**Task details:**
Pictures excluded, copy all of the data below exactly.

**Records shown:**
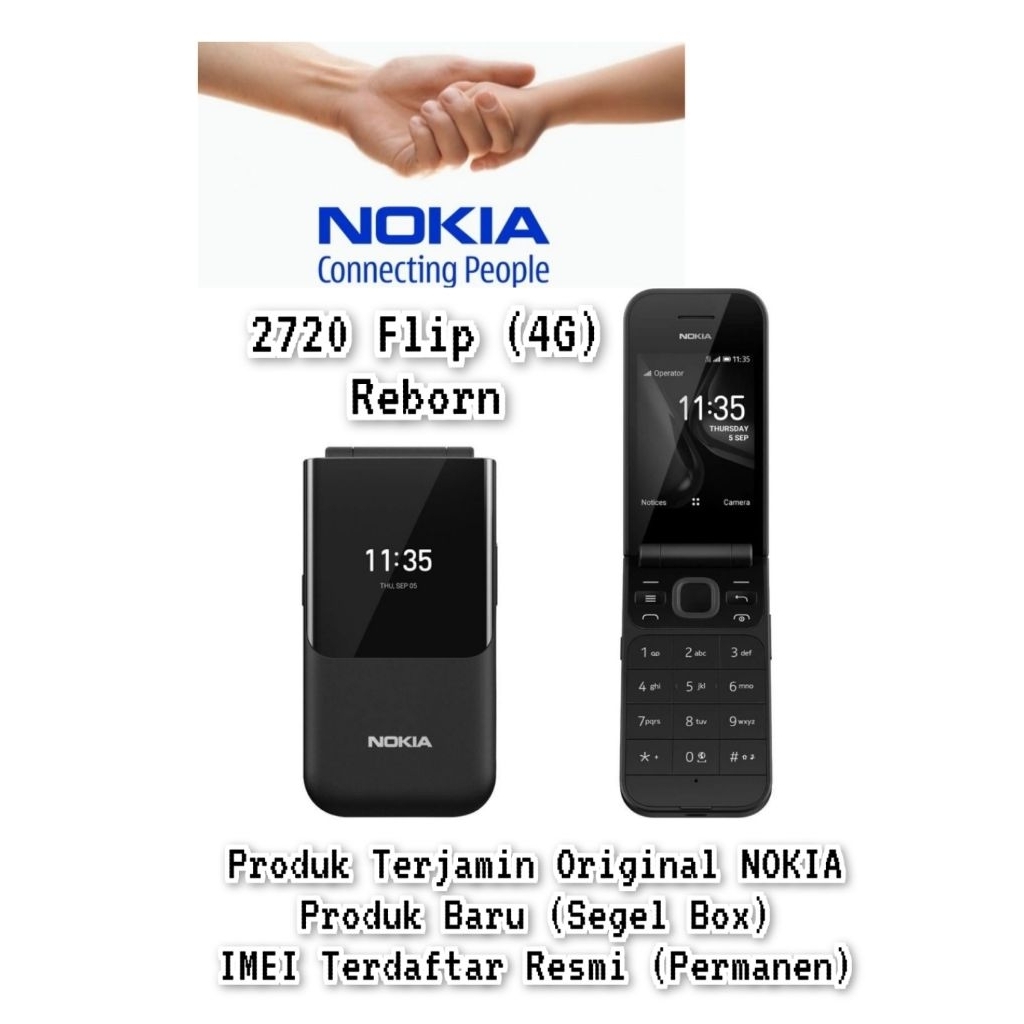 NOKIA 2720 Flip Reborn (4G-LTE/Dual SIM) Flagship Smartphone Flip (Produk Terjamin Baru Segel Box)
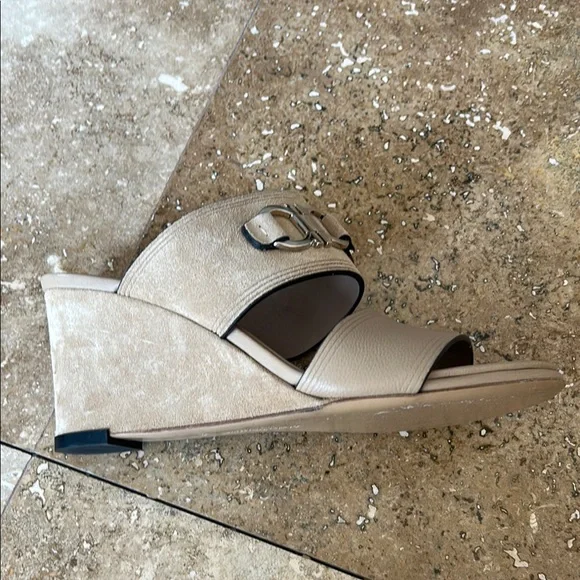 Salvatore Ferragamo Tan Slide Sandals with Metal Detail - Picture 8 of 13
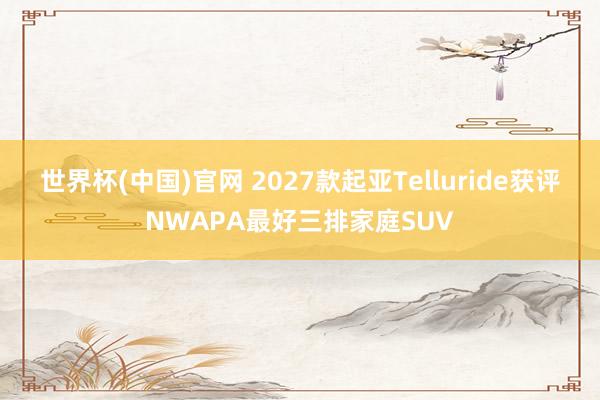 世界杯(中国)官网 2027款起亚Telluride获评NWAPA最好三排家庭SUV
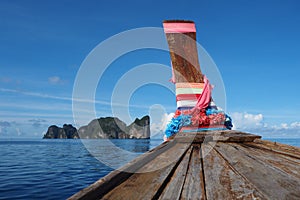 Head of long tail boat blue sky background phi phi island Thailand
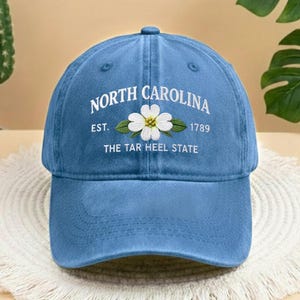 North Carolina State Flower Dogwood Embroidered Hat, Vintage 1789 Est Tar Heel State Cap, Navy Cotton Dad Hat, NC Southern Gift for Her image 11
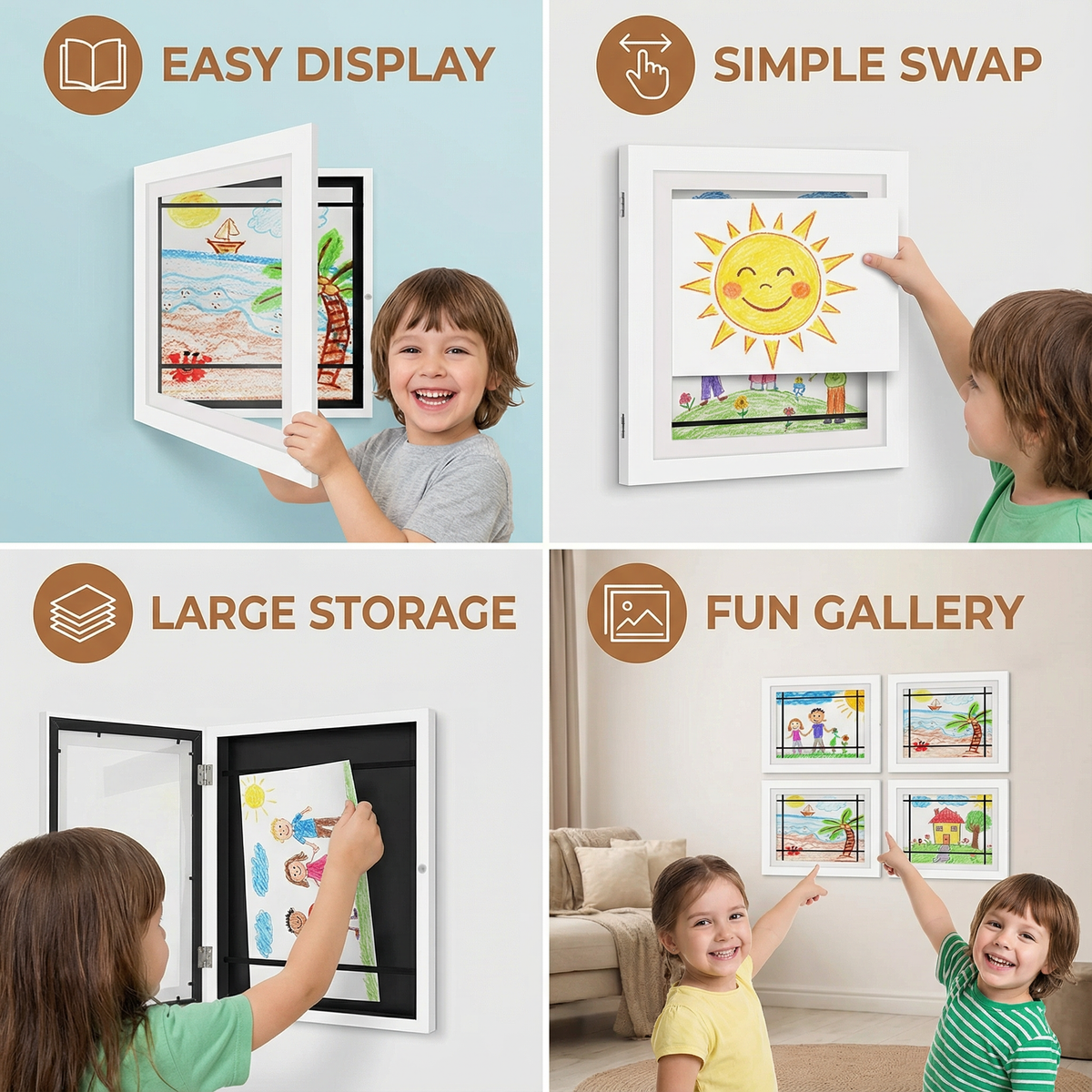 Kids Artwork Display Frame That Holds Up to 150 Drawings with Easy Flip Open Design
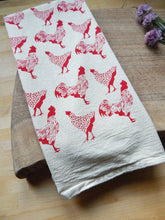 Load image into Gallery viewer, Chickens Kitchen Towel, Tea Towel -Red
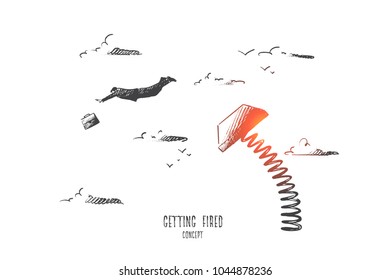 Getting fired concept. Hand drawn upset office worker is fired. Finish of career isolated vector illustration.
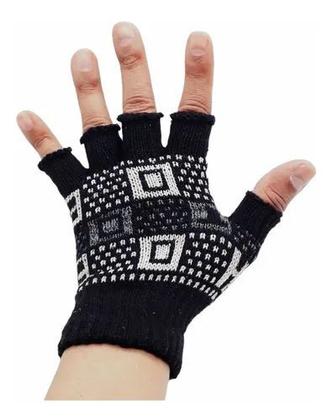 Imagem de Par De Luvas Preta Lã Sem Dedo Unissex Tamanho Único Moda Preto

**Written answer:**
 NOKIA 2720 Flip Reborn (4G-LTE/Dual SIM) Flagship Smartphone Flip (Produk Terjamin Baru Segel Box)
 Salvatore Ferragamo Tan Slide Sandals with Metal Detail - Picture 8 of 13
 世界杯(中国)官网 2027款起亚Telluride获评NWAPA最好三排家庭SUV
 Head of long tail boat blue sky background phi phi island Thailand
 North Carolina State Flower Dogwood Embroidered Hat, Vintage 1789 Est Tar Heel State Cap, Navy Cotton Dad Hat, NC Southern Gift for Her image 11
 Kids Artwork Display Frame That Holds Up to 150 Drawings with Easy Flip Open Design
 Load image into Gallery viewer, Chickens Kitchen Towel, Tea Towel -Red
 Getting fired concept. Hand drawn upset office worker is fired. Finish of career isolated vector illustration.
 Imagem de Par De Luvas Preta Lã Sem Dedo Unissex Tamanho Único Moda Preto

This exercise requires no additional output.